Hal itu membuat Arya Nirbita merasa sedih dan kehilangan teman. Maka, ia pun
memohon kepada Prabu Matsyapati dan Dewi Sudaksina agar dirinya juga diubah
menjadi bayi, sehingga bisa menjadi kawan sepermainan Raden Seta dan kedua
adiknya tersebut.
Prabu Matsyapati lalu memohon
kepada Resi Druwasa agar mengabulkan keinginan keponakannya itu. Resi Druwasa
terkesan melihat ketulusan Arya Nirbita. Ia mengheningkan cipta sesaat dan
melihat gambaran di masa depan bahwa Raden Seta, Raden Utara, dan Raden
Wratsangka akan gugur semua dalam sebuah perang besar di Tegal Kurusetra,
sedangkan Arya Nirbita selamat. Bahkan, Arya Nirbita kemudian menjadi ahli
waris Kerajaan Wirata menggantikan Prabu Matsyapati. Resi Druwasa lalu membuka
mata namun tidak tega menyampaikan ramalan tersebut kepada Prabu Matsyapati dan
Dewi Sudaksina.
Tanpa banyak bicara, Resi
Druwasa lalu membaca mantra dan mengubah tubuh Arya Nirbita kembali menjadi
bayi.

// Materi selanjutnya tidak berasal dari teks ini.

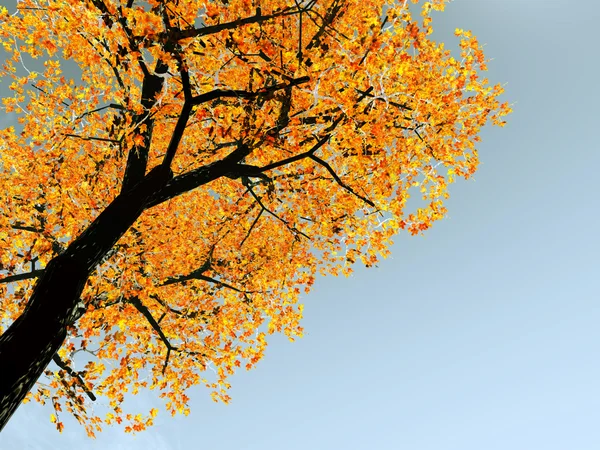 秋の景色 — ストック写真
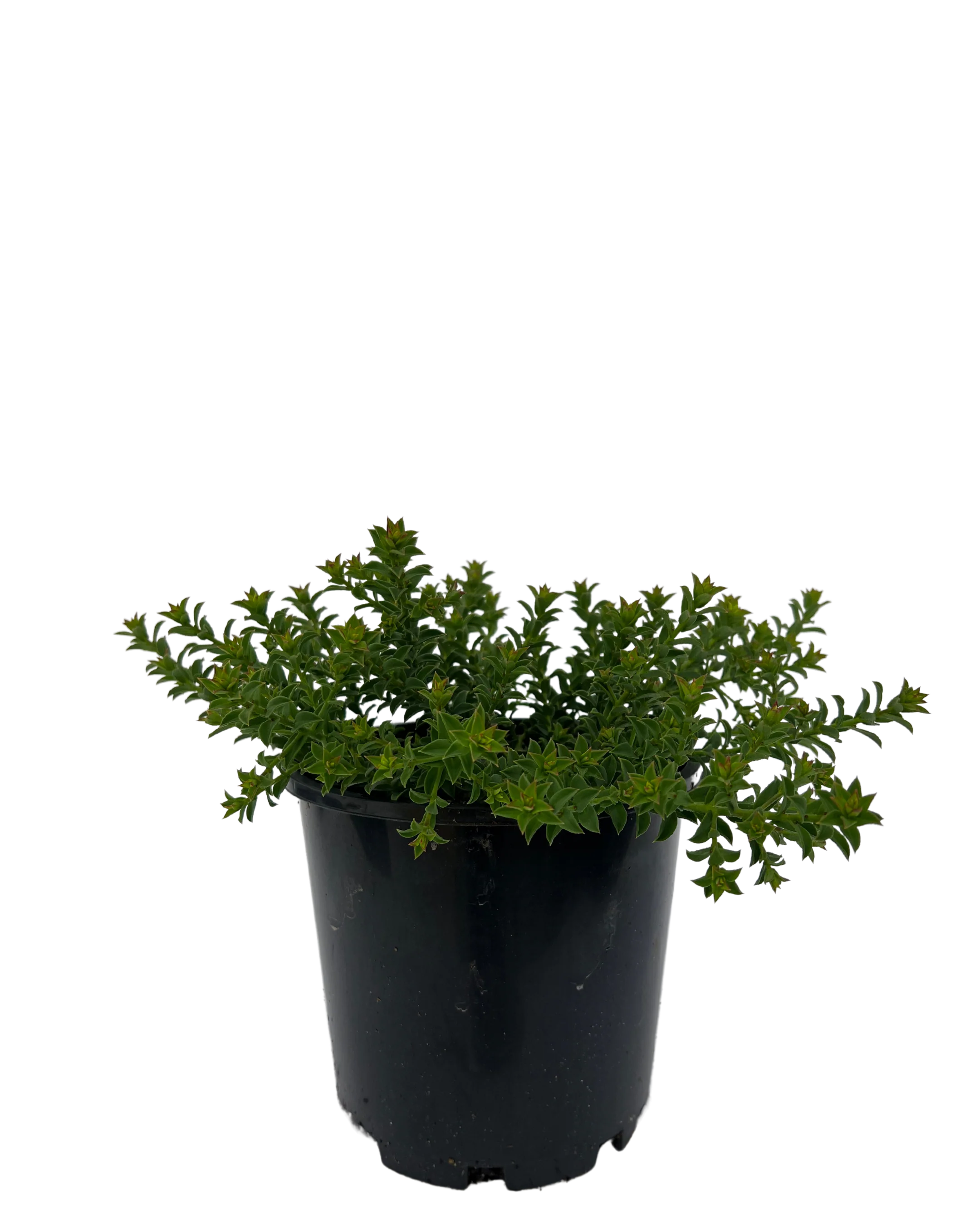 Waxflower - Philotheca Cascade of Stars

Ia kemudian menyerahkan bayi tersebut kepada Prabu Matsyapati dan Dewi
Sudaksina untuk diasuh bersama-sama dengan Raden Seta, Raden Utara, dan Raden
Wratsangka. Setelah itu, Resi Druwasa mohon pamit kepada mereka berdua. Ia
berkata bahwa ini mungkin adalah pertemuan yang terakhir bagi mereka. Setelah berkata
demikian, pendeta tua itu pun lenyap dari pandangan, pergi entah ke mana.

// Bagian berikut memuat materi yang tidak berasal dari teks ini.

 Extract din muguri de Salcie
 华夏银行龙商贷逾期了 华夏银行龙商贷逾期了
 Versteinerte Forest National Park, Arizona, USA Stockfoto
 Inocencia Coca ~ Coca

PRABU MATSYAPATI MENDAPAT UNDANGAN KE MANDRAKA
Tidak lama kemudian datanglah
utusan dari Kerajaan Mandraka, bernama Arya Tuhayata yang menghadap Prabu
Matsyapati. Arya Tuhayata menyampaikan berita duka bahwa rajanya, yaitu Prabu
Mandrapati telah meninggal dunia. Sang putra mahkota, yaitu Raden Narasoma akan
dilantik sebagai raja yang baru, namun menunggu restu dari Prabu Matsyapati
selaku sesepuh para raja di Tanah Jawa.
Prabu Matsyapati sangat
terkejut dan bersedih mendengar berita duka tersebut. Bagaimanapun juga
hubungan antara Kerajaan Wirata dan Mandraka sudah terjalin sekian lama.
Bahkan, raja pertama Mandraka, yaitu Prabu Kardana Mandrakusuma adalah mantan
punggawa Kerajaan Wirata pada masa pemerintahan Prabu Basukiswara.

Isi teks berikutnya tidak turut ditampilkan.